Poll: Public-Smoking Ban Supported by Majority in N.C.
Posted October 2, 2007 11:18 a.m. EDT
Updated October 2, 2007 2:58 p.m. EDT
Elon, N.C. — Sixty-eight percent of North Carolina residents support a statewide law that would ban smoking in public places, including public buildings, offices bars and restaurants, according to the latest results of last month's Elon University poll.
Nearly the same number of respondents, 67 percent, would also favor local governments making the decision on whether to ban smoking in public places.
Although a majority of respondents indicated support for legislation that would ban smoking in public places, in assessing who is responsible for the regulation of smoking, 62 percent said the decision should be left to business owners.

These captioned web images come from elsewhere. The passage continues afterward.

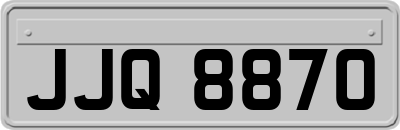 JJQ8870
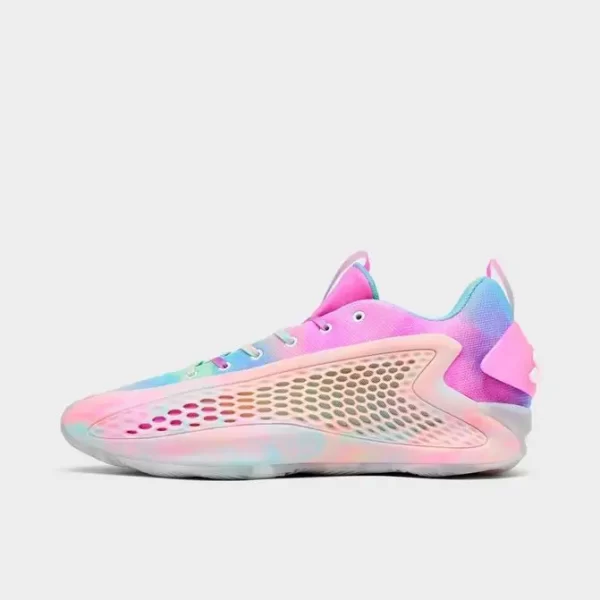 ADIDAS | Anthony Edwards 1 Low Basketball Shoes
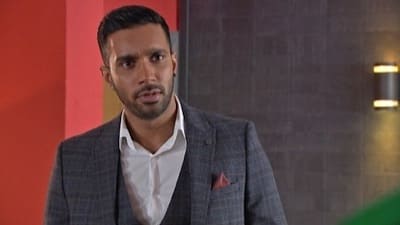 Hollyoaks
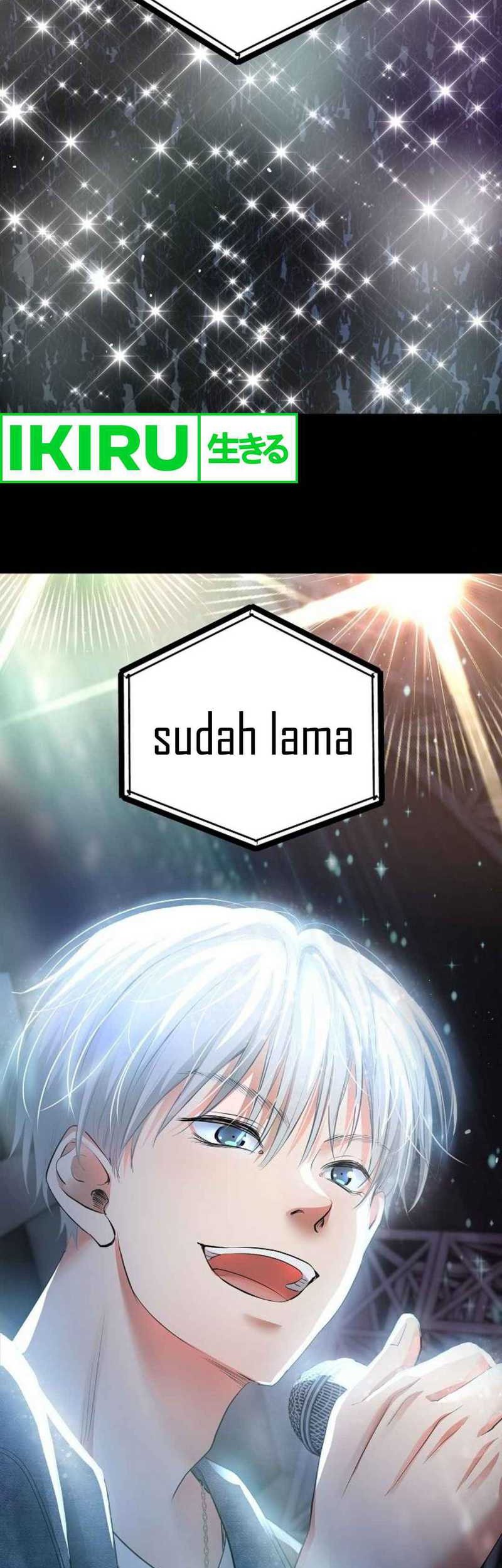 A Tidal Wave of Glory Chapter 58 Gambar 4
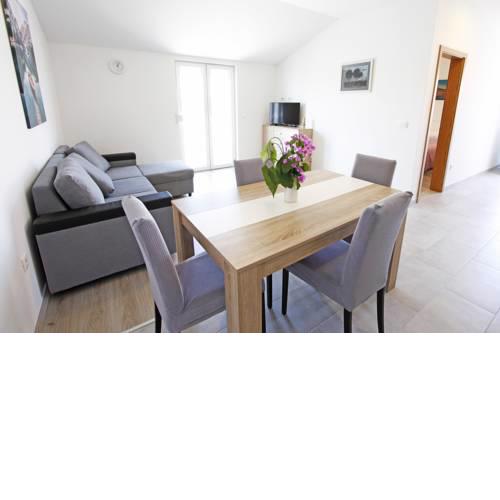 Apartmani Baras 2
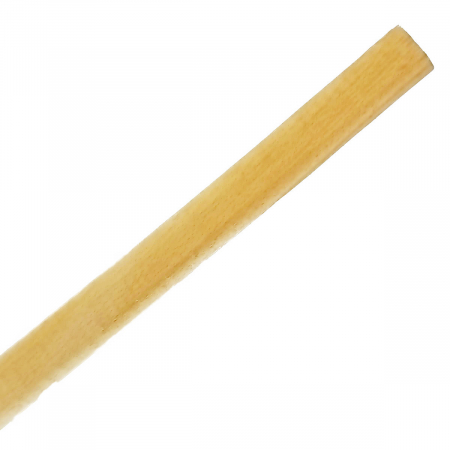 Coada pentru sapa din lemn de fag, lungime 1280 mm, grosime 45 mm [4]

"Citizens still seem torn between regulating business in the best interest of their health," said poll director Hunter Bacot. "This is a classic individual interest versus public-interest issue as, on the one hand, citizens support by wide margins laws banning smoking in public places, but, on the other hand and by similar opinion margins, they think that such decisions should remain that of the individual business owner.
"Add into this issue debate, the history of tobacco in North Carolina, and you have an incredibly complex issue to deal with that will prove quite challenging to resolve," Bacot said.
The poll, conducted Sept. 24-27 by the Elon University Institute for Politics and Public Affairs, surveyed 664 North Carolina residents and has a margin of error of plus or minus 3.9 percent. The sample is of the general population and does not restrict respondents by their voter eligibility or their likelihood of voting in an election.
Respondents also answered questions about land transfer taxes as a way for local governments to raise money. According to results, 67 percent oppose the measure, which is on the ballot this fall for more than a dozen counties.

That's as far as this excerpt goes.